Durante a cúpula, foi assinado um Memorando de Entendimento com a ministra da Igualdade da Espanha, Ana Redondo García, voltado à promoção da igualdade de gênero e ao enfrentamento da violência contra as mulheres. 

A Espanha é considerada referência internacional na área e registrou, em 2024, o menor número de casos de violência de gênero de sua série histórica. 

Na troca de experiências, o Brasil apresentará à Espanha a estratégia do Pacto Brasil entre os Três Poderes de Enfrentamento do Feminicídio e outras iniciativas voltadas à proteção das mulheres, como o Programa Mulher Viver Sem Violência, que prevê o fortalecimento dos canais de denúncia (Ligue 180), a implantação de Casas da Mulher Brasileira —  que reúnem,  em um só local,  vários serviços de apoio e orientação às mulheres vítimas de violência —, os Centros de Referência da Mulher Brasileira e outras políticas públicas voltadas ao cuidado e à autonomia econômica feminina.  

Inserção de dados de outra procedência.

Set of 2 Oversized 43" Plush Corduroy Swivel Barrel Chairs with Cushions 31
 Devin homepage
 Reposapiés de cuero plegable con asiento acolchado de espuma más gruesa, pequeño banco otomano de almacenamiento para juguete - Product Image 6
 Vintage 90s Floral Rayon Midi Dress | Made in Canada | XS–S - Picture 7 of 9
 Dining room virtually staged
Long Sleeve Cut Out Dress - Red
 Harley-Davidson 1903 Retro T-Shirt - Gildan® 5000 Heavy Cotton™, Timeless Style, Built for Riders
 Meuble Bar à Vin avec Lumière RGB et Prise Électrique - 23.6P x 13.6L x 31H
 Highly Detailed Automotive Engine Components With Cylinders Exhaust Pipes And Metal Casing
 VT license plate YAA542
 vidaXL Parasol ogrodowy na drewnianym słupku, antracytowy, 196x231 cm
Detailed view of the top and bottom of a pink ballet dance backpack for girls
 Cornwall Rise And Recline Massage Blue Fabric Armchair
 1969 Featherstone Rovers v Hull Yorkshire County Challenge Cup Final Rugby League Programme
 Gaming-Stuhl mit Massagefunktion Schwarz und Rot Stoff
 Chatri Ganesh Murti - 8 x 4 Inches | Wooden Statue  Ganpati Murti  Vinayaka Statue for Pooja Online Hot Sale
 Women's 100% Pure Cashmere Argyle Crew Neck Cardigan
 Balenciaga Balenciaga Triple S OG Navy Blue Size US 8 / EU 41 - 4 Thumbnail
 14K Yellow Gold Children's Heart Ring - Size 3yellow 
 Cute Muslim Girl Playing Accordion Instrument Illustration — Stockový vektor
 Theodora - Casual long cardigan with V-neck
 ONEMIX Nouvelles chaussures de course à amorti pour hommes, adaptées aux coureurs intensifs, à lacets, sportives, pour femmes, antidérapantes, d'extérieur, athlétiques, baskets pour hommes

Para a ministra das Mulheres, Márcia Lopes, o fortalecimento da cooperação internacional reforça o compromisso do governo brasileiro com a promoção dos direitos das mulheres. 

“O memorando representa um passo importante para fortalecer a cooperação internacional na promoção da igualdade de gênero e no enfrentamento da violência contra as mulheres, ampliando a troca de experiências e o desenvolvimento de políticas públicas mais eficazes”, afirmou a ministra Márcia Lopes.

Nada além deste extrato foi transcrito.